Using return; statement in your void displayBid(Info itemOne); function was completely unnecesary. While you can use return; to stop function from executing, you placed it at the end of function which was just about to end itself in normal way, but you forced it with no reason. Besides, you do not need any return; statements for functions which return void – nothing.
Then, fund and bidAmount are representing money value, which may or may not be of integer value, so you should consider float or double data types to store money value.

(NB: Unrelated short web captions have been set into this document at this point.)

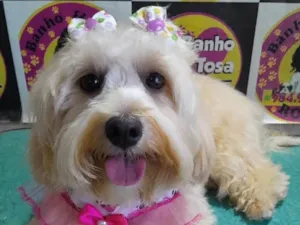 Cachorro raça Shitzu idade 1 ano nome BELINHA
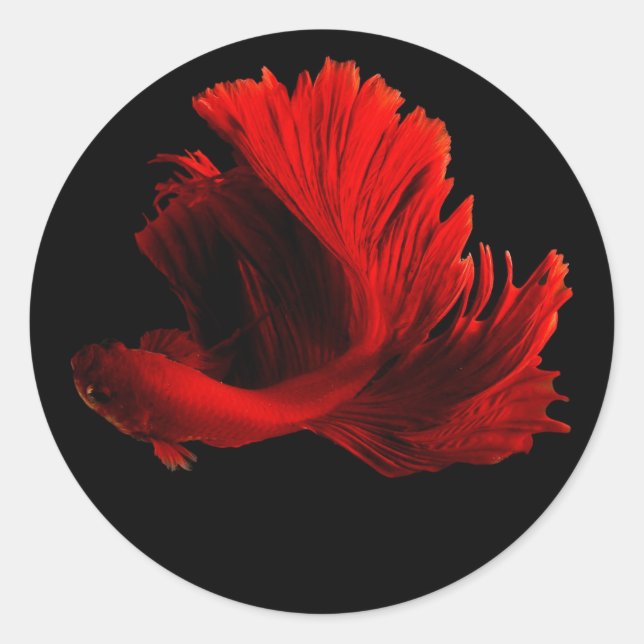 Adesivo Ruby Red Siamese Fighting Fish (Frente)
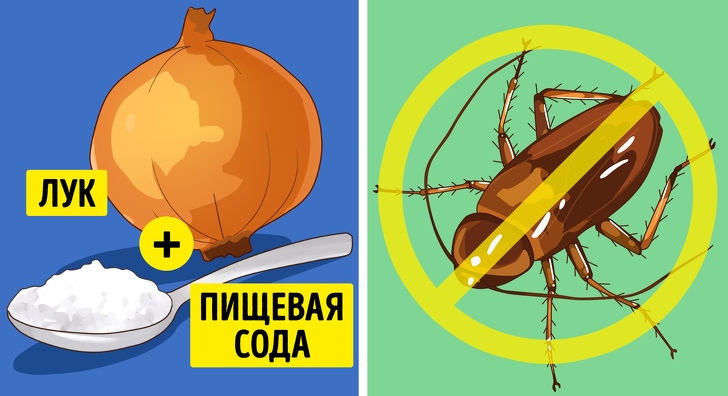 6 эффективных способов избавиться от насекомых в вашем доме 6 эффективных способов избавиться от насекомых в вашем доме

Next thing is your function Info getBid();. First, I have to say that naming may be a bit confusing. If you read the name of that function without seeing its actual code, how would you understand what it may do? For me, it sounded like it is about to get me information about a bid, while actually it is setting it up. Second, you could simplify code for entering values, in the way I did it in my code example. The way you tried to use different techniques for getting values from user input was a bit wrong. getline is member function which is used with istream objects. Your istream object is cin. In order to access that member function you shall write it as cin.getline(to be discussed);. That function only works with characters. Its first parameter accepts pointer to the first character (address of the first character) in sequence of characters.

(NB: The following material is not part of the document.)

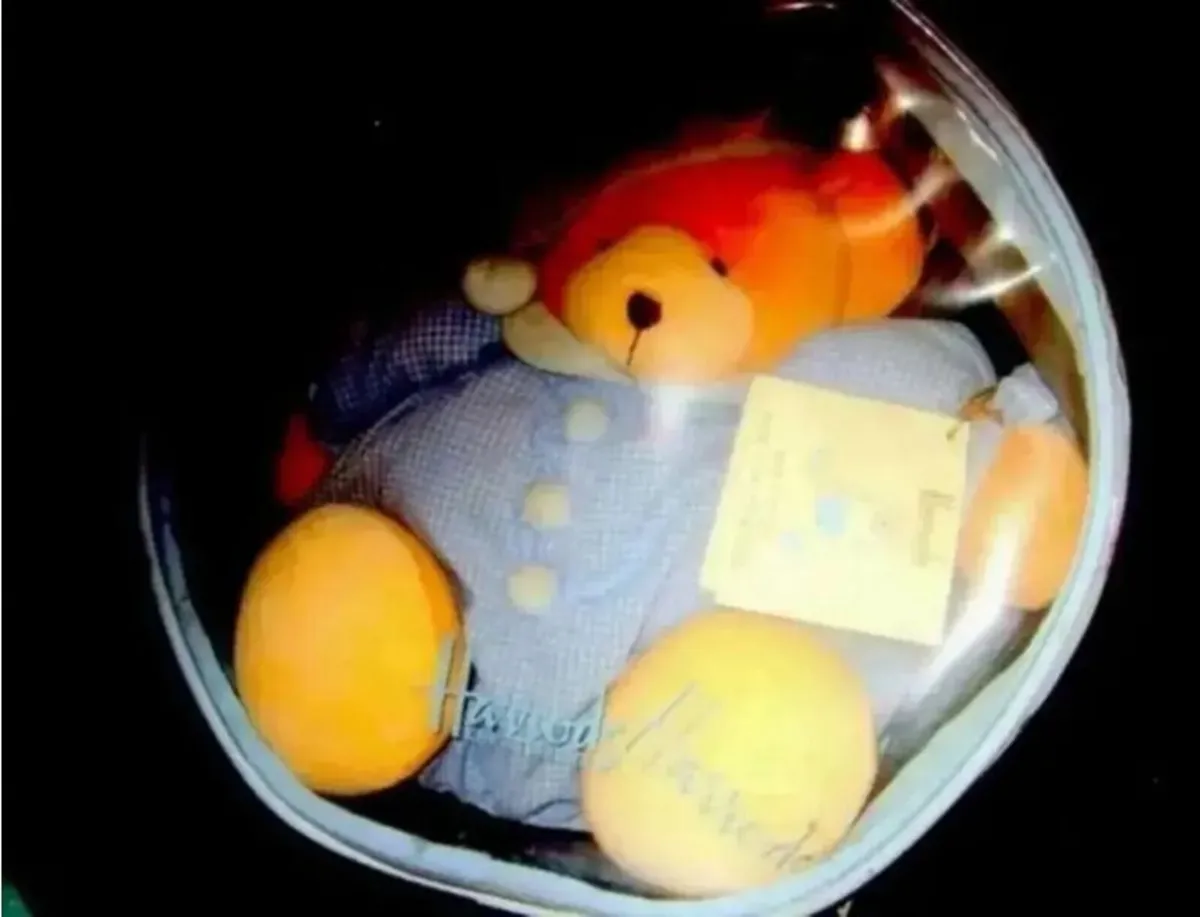 BNIB Vintage Harrods Teddies - Image 2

Second parameter is of integer data type and specifies how much characters you want to be extracted from your input and stored in an argument which is in place of the first parameter. Beware not to write, for example, 25, because in char array you have to leave one place for '\0' character, which is automatically placed where it needs to be. getline member function has also default delimiter '\n', which denotes new line. It means that you can enter less characters than function can extract, because extraction will stop as soon as it reads that delimiter value from user input. Although, if you want your specific delimiter, getline member function has its overloaded version which third parameter is one where you enter desired delimiter as an argument. (Overloaded functions are basically functions with the same name, but different parameters. They provide same functionality with different implementation.)
Even if you had set up values for a bid, you never returned it from function. You correctly said that its return value is Info, but you did not return it. Actually, you again exited just before its normal exit. Instead, you should have written return itemOne; In my code example, I passed the variable created in int main(); function by reference, which means it is not a copy as usually, so I do not have to return it and assign to another variable of the same type to appropriately apply desired changes.

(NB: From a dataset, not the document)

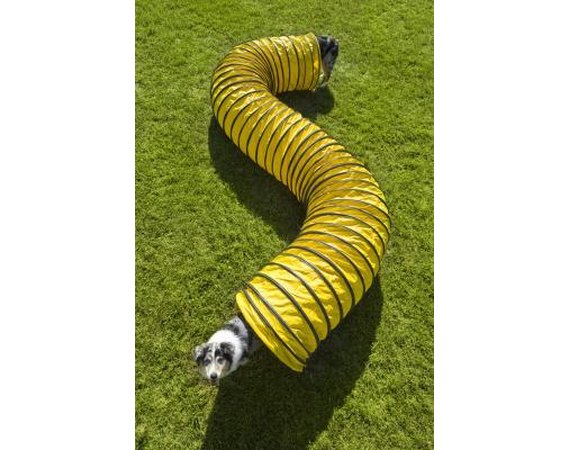 How to Make an Obstacle Course for Dogs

Finally, in the int main(); function, you could just declare int choice, without initializing it and use do-while loop in the way I did it. Also, switch statement provides defining what will happen if none of the cases are true, in the way that after all cases you write default:, and below it whatever you want to happen. In your code example, your function will continue executing even if user enters anything but 1, 2 except for 9 defined to stop its execution. In my code example, whatever user enters besides 1 and 2, including zero, function will exit. Well, except for new line.
And, let us discuss again the naming. Your data structure name has to directly imply what it is. Info does not do that. That name would actually be more appropriate for your void displayBid(Info itemOne); function to be called. In my code example, I renamed it to Bid.
#include <iostream>
using namespace std;
struct Bid
{
char title[25];
int vehicleID;
double fund;
double bidAmount;
};
void GetBid(Bid item)
{
cout << "Title: " << item.title << endl;
cout << "Fund: " << item.fund << endl;
cout << "Vehicle: " << item.vehicleID << endl;
cout << "Bid Amount: " << item.bidAmount << endl;
}
void SetBid(Bid & item)
{
cout << "Enter title: ";
cin >> item.title;
cout << "Enter fund: ";
cin >> item.fund;
cout << "Enter vehicle ID: ";
cin >> item.vehicleID;
cout << "Enter amount: ";
cin >> item.bidAmount;
}
int main()
{
Bid item;
int choice;
do {
cout << "Menu:" << endl;
cout << " 1. Enter Bid" << endl;
cout << " 2. Display Bid" << endl;
cout << " 0. Exit" << endl;
cout << "Enter choice: ";
cin >> choice;
switch (choice)
{
case 1:
SetBid(item);
break;
case 2:
GetBid(item);
break;
default:
choice = 0;
cout << "Goodbye." << endl;
break;
}
} while (choice != 0);
return 0;
}
The first (and biggest) problem is:
char title;
This allows you to store only a single character rather than an entire name (prefer std::string to char arrays).
I have a little "blackjack" program coded in C++. The thing is that the program asks questions like "Would you like... (y/n)?" where user needs to type y/n. I want to check if the value returned is actually the type that I want. So function that should return int, returns int and function that should return char, returns char, before it actually returns something.
I would need some suggestions guys. I think it's not that difficult, I just can't find any solution. Thank you.
Code:
char pickCard(){
char aCard;
std::cout << "Would you like another card?";
std::cin >> aCard;
if (aCard is a char){
return aChar;
} else {
std::cout << "Not a char!";
}
}
I think you have a misconception of exactly how std::istream's formatted input works. In your example, aCard must be a char, because you've declared it as such. If the use enters more than one character, one character will be put into aCard, and std::cin will hold onto the other characters and give them to you the next time you call operator>> (or any other input function); if the user enters a number, aCard will be the character representation of the first digit of that number.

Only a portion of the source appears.